What happens when the agent produces invalid output?
The validator rejects the write and returns a located, machine-readable error; the agent retries with that error in context. Most failures resolve in one retry. Repeated failures surface to the user rather than looping silently — an agent that can't satisfy the schema is information, not noise to swallow.
Why not fine-tune the model to make fewer mistakes instead?
Model quality reduces how often guardrails fire; it can't replace them. Failure modes two through four — wrong business facts, irreversibility, invisibility — are independent of model quality. A perfect model with no review gate still publishes last month's prices, because nobody told it they changed.
Do human edits go through the same machinery?

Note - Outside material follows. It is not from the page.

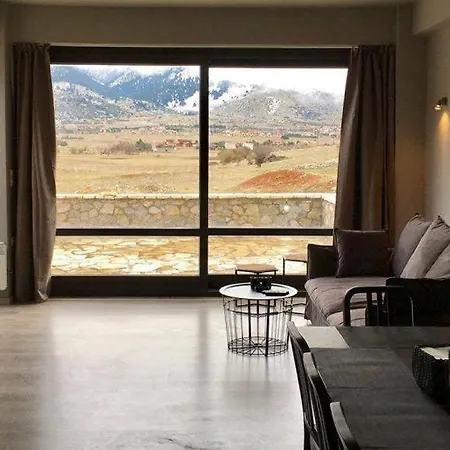 Livadi Villas By White Hills Arachova
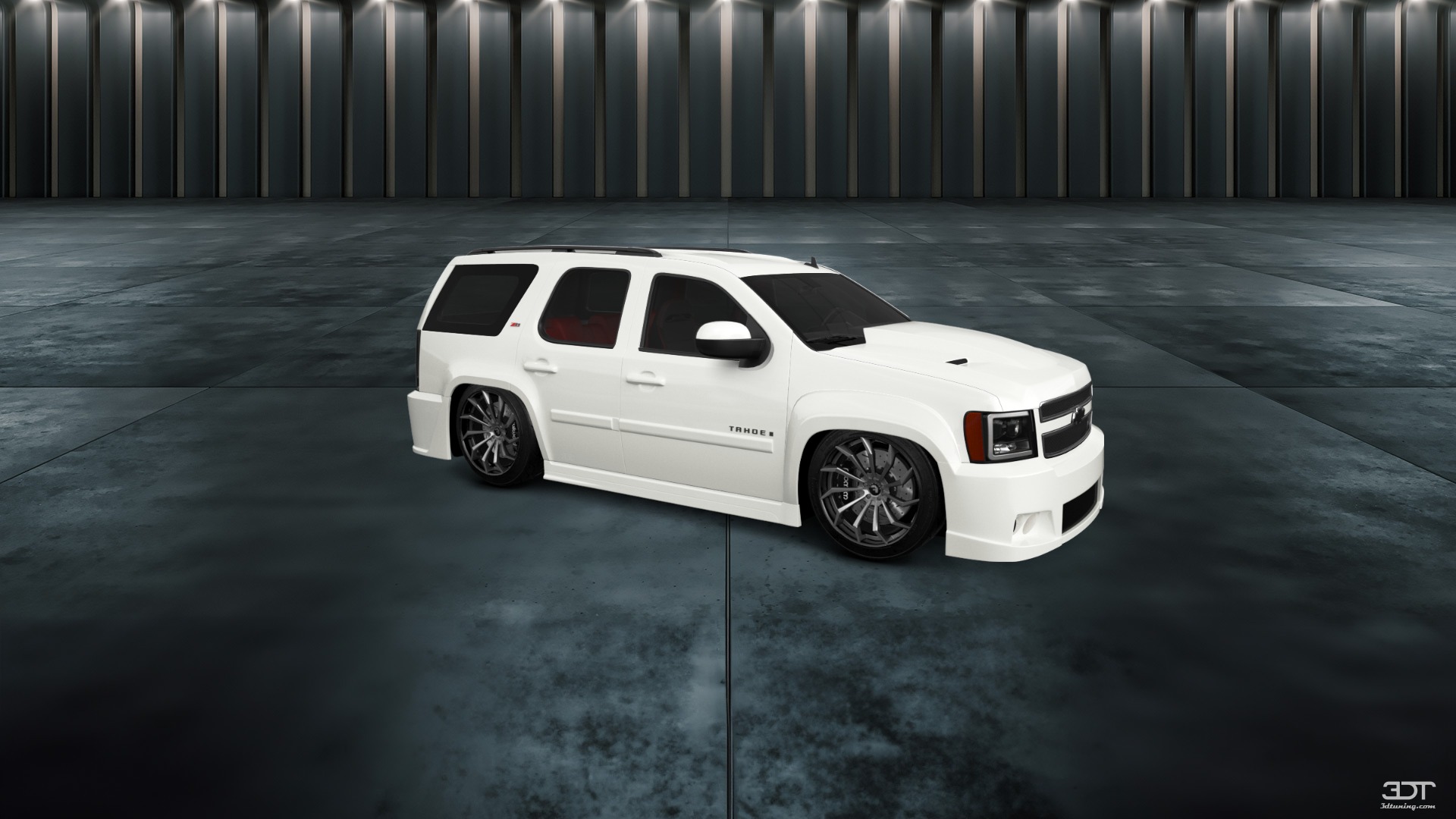 Chevrolet Tahoe 5 Door SUV 2007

Yes — same repositories, same validators, same checkpoints. That's most of why the system stays healthy: a single pipeline gets exercised constantly and fixed quickly. Separate "AI rails" would be the least-tested code in the product, guarding the highest-risk writes.
What would you tell a team building this from scratch?
Order of operations: versioned storage first, validators second, review UX third, agent capabilities last. Teams that start from agent capability spend the next year retrofitting the other three under incident pressure — every layer here is cheaper to build before the agent exists than after it has users.
If you remember one thing: the model is the least important part of the safety story. Storage that diffs, schemas that reject, checkpoints that bound the damage, and a review gate cheap enough to actually use — that's what lets a business owner say "update my website" to an AI and sleep fine. The user-facing version of these flows lives in the help center; this was the view from underneath.